### ASSIGNMENT:
The response should contain all of the data below, reproduced exactly, and no pictures.

#### SUPPLIED ENTRIES

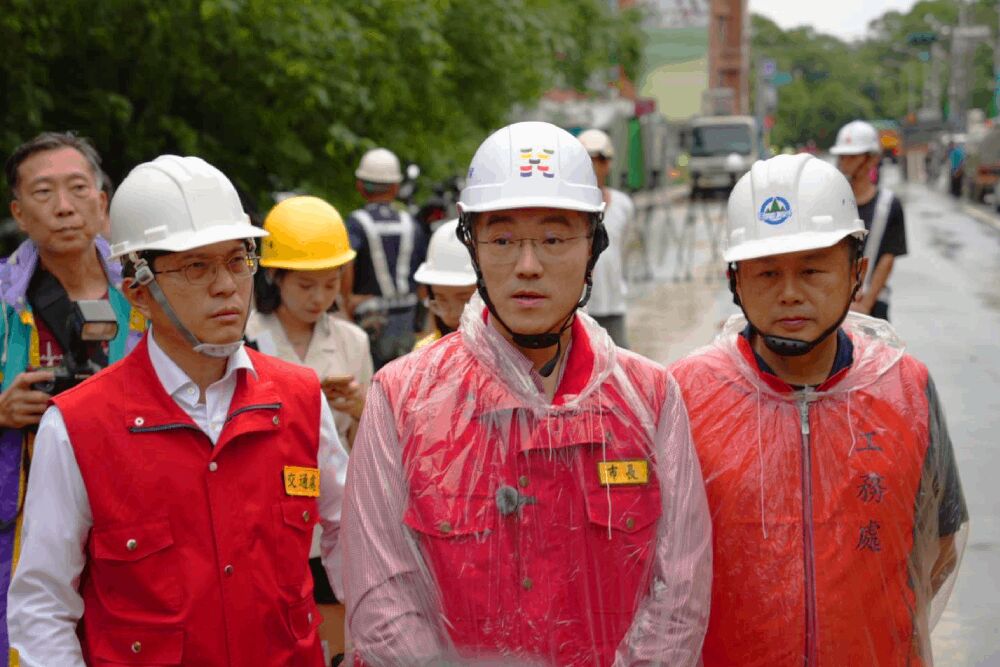 山陀兒釀淹水山坡坍方 衛生局籲消毒環境、謝國樑感謝外援 209 照片來源:基隆市政府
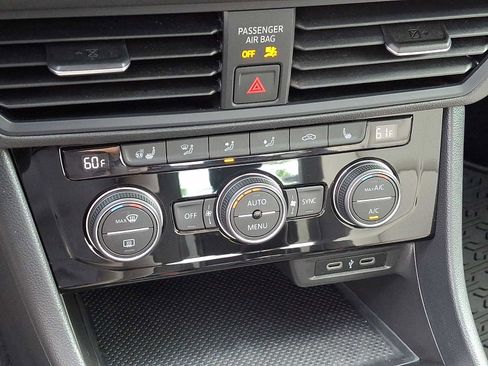 Used 2020 Volkswagen Jetta R-Line w/ R-Line Cold Weather Package FWD image 17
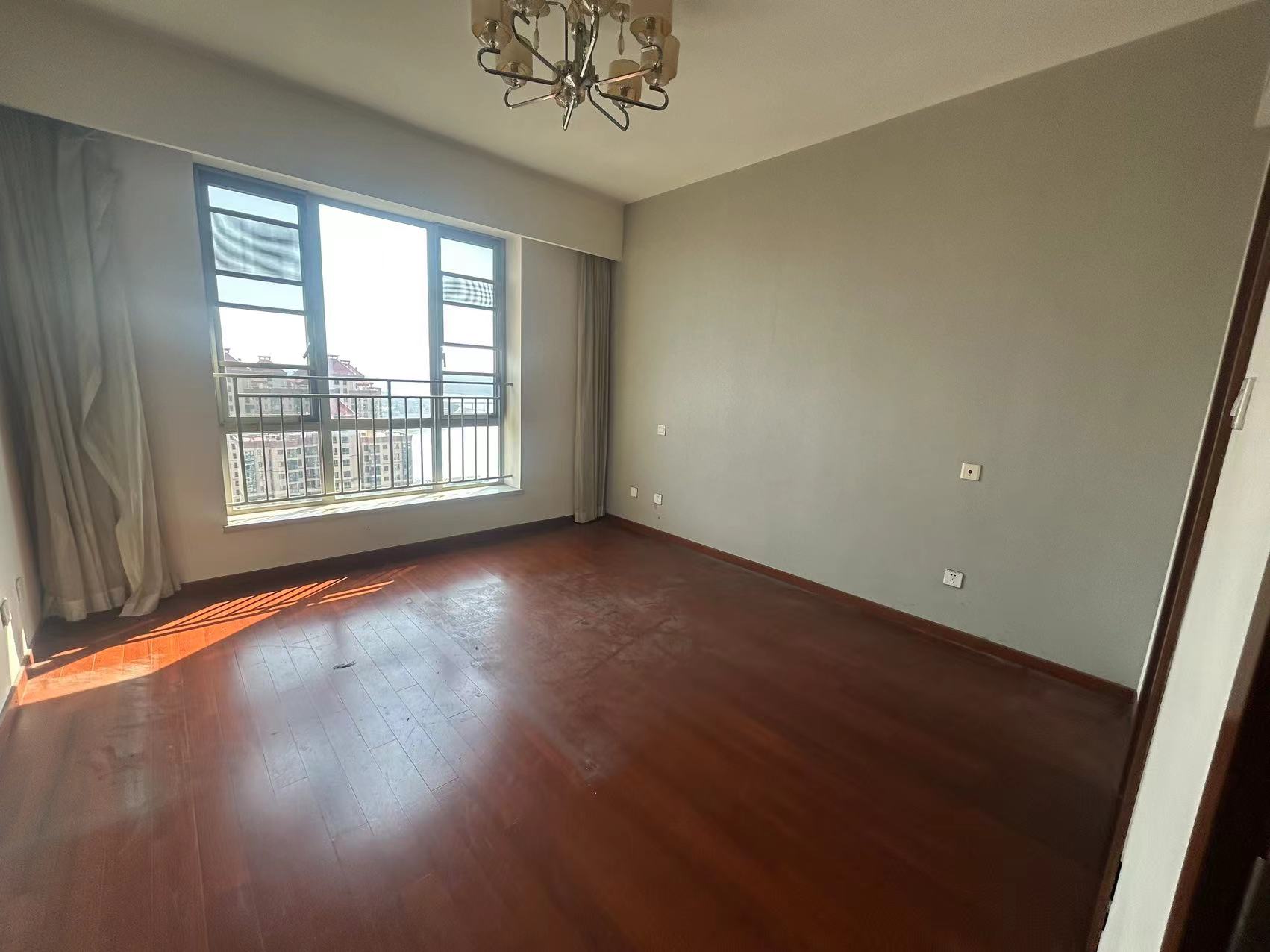 晋合湘水湾一期 4室2厅2卫 75.0万 晋合湘水湾一期 4室2厅2卫 75.0万室内图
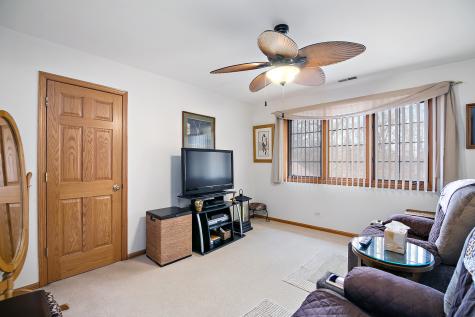 321 Royal Oak Drive Steger IL 60475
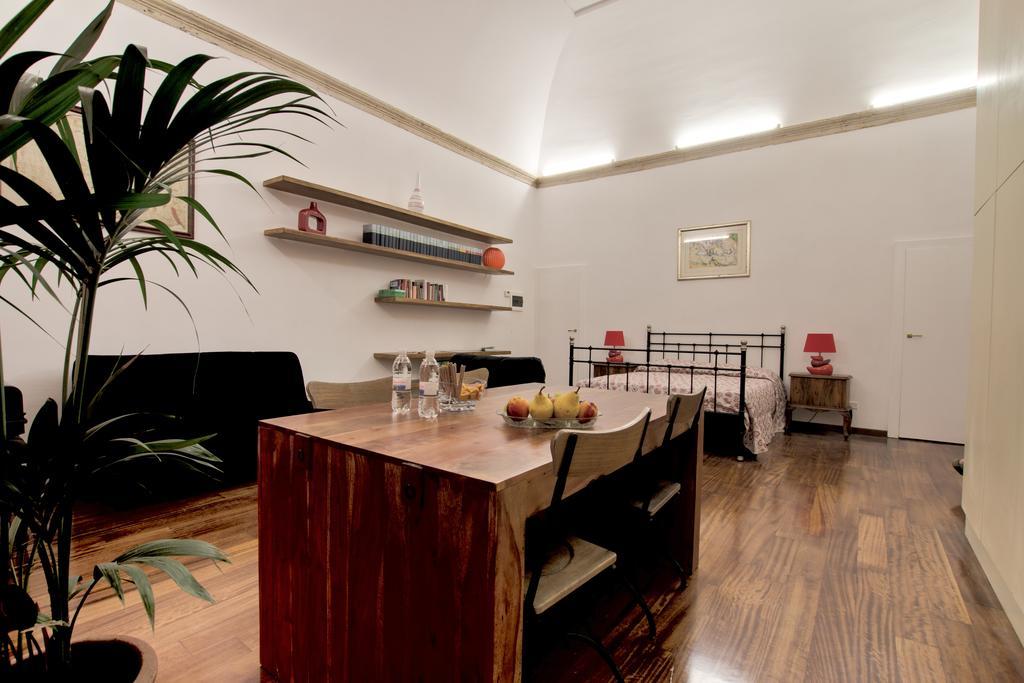Santacroce Guest House Roma Oda fotoğraf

########

### RESULT OF THE TASK:
 山陀兒釀淹水山坡坍方 衛生局籲消毒環境、謝國樑感謝外援 209 照片來源:基隆市政府
 Used 2020 Volkswagen Jetta R-Line w/ R-Line Cold Weather Package FWD image 17
 晋合湘水湾一期 4室2厅2卫 75.0万 晋合湘水湾一期 4室2厅2卫 75.0万室内图
 321 Royal Oak Drive Steger IL 60475
Santacroce Guest House Roma Oda fotoğraf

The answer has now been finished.